ACTION ITEM:
The entries below contain a line with "Year Gala! ✨" and a line with "Register now: khalilcenter.com/events/celebra…". Retype exactly everything from the first down to the second, both included, and nothing else.

RECORDED DATA:

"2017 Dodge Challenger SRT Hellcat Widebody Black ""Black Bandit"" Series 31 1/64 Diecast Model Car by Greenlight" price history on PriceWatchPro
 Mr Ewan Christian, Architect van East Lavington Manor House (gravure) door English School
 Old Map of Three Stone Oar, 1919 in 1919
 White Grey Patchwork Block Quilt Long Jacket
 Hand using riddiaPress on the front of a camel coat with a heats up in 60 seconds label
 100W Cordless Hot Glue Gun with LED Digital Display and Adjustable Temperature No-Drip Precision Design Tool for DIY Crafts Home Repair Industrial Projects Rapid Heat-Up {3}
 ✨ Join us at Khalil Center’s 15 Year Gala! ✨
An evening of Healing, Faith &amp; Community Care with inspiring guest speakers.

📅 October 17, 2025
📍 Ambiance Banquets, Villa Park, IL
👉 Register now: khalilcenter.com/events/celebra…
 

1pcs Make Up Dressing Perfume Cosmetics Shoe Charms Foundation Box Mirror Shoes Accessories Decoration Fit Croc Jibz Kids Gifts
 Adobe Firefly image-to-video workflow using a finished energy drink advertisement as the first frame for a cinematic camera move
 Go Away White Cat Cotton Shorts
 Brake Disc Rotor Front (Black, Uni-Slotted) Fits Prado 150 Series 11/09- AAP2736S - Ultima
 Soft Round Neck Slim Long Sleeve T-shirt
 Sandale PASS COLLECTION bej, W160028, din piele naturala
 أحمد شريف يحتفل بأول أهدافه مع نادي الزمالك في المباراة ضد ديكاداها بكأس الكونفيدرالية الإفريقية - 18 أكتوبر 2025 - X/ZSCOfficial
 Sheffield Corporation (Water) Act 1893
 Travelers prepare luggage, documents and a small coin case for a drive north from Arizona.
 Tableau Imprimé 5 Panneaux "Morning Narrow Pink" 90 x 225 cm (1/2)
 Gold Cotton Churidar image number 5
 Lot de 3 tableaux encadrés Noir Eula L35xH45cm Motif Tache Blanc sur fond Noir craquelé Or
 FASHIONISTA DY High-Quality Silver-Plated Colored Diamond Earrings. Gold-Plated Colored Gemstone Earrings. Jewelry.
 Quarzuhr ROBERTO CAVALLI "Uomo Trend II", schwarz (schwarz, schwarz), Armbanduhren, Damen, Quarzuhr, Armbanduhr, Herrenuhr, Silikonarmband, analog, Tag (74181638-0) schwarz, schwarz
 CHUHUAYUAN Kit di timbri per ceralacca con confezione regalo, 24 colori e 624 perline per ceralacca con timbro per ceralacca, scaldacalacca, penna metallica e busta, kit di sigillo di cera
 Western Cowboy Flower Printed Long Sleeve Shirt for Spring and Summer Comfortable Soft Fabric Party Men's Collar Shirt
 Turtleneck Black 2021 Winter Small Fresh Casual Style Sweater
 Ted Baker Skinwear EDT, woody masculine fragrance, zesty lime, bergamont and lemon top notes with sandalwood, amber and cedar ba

ANSWER SPACE:
 ✨ Join us at Khalil Center’s 15 Year Gala! ✨
An evening of Healing, Faith &amp; Community Care with inspiring guest speakers.

📅 October 17, 2025
📍 Ambiance Banquets, Villa Park, IL
👉 Register now: khalilcenter.com/events/celebra…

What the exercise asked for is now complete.